##### THE DATA #####
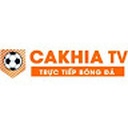 cakhiatv72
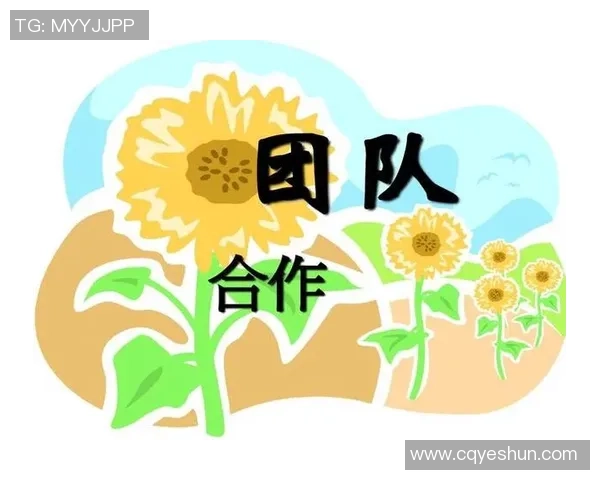 长马尔与厄斯特松的精彩对决揭示足球战术与团队协作的完美结合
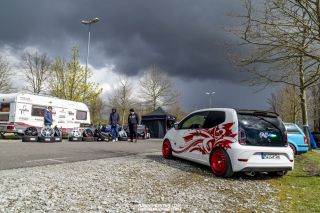 JustDeep_Seasonopen_2022-512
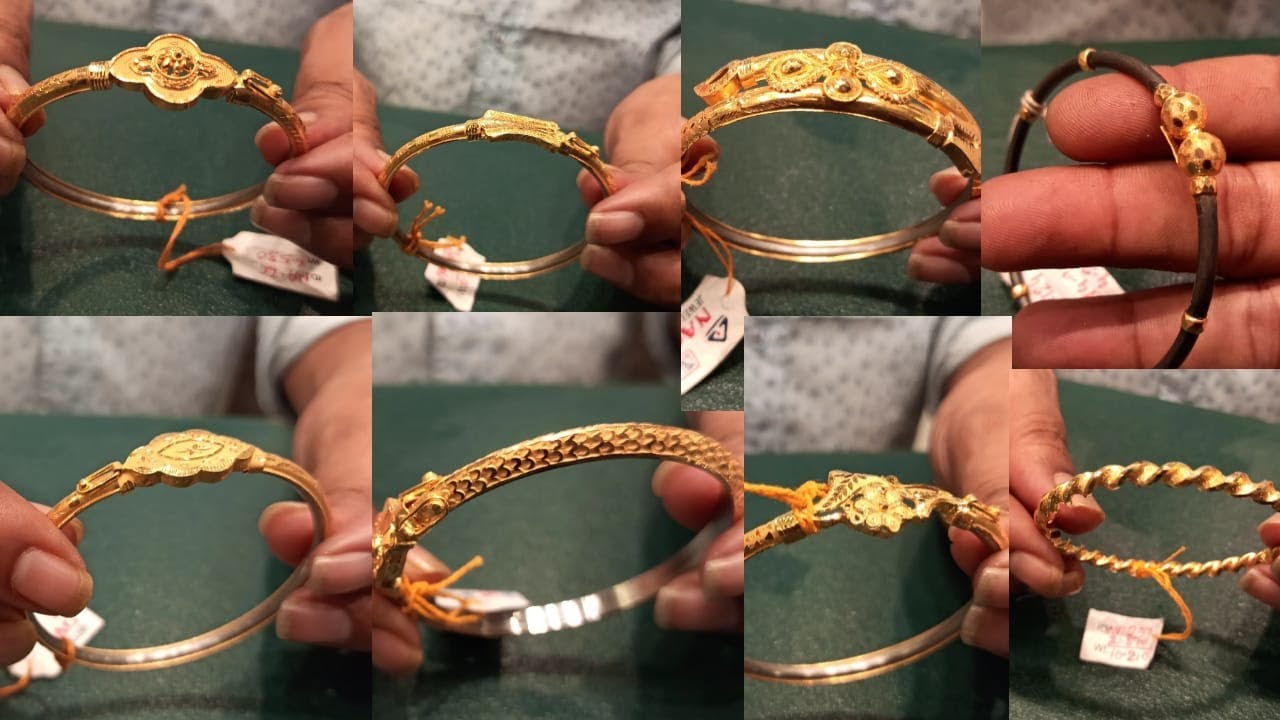 2.00Ct Round Lab-Created Diamond Women's Bangle Bracelet 14K Yellow Gold  Plated | eBay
#####
**WORK ITEM:** Leave out the pictures and output the rest of the material exactly as written.

**RESPONSE AREA:**
 cakhiatv72
 长马尔与厄斯特松的精彩对决揭示足球战术与团队协作的完美结合
 JustDeep_Seasonopen_2022-512
 2.00Ct Round Lab-Created Diamond Women's Bangle Bracelet 14K Yellow Gold  Plated | eBay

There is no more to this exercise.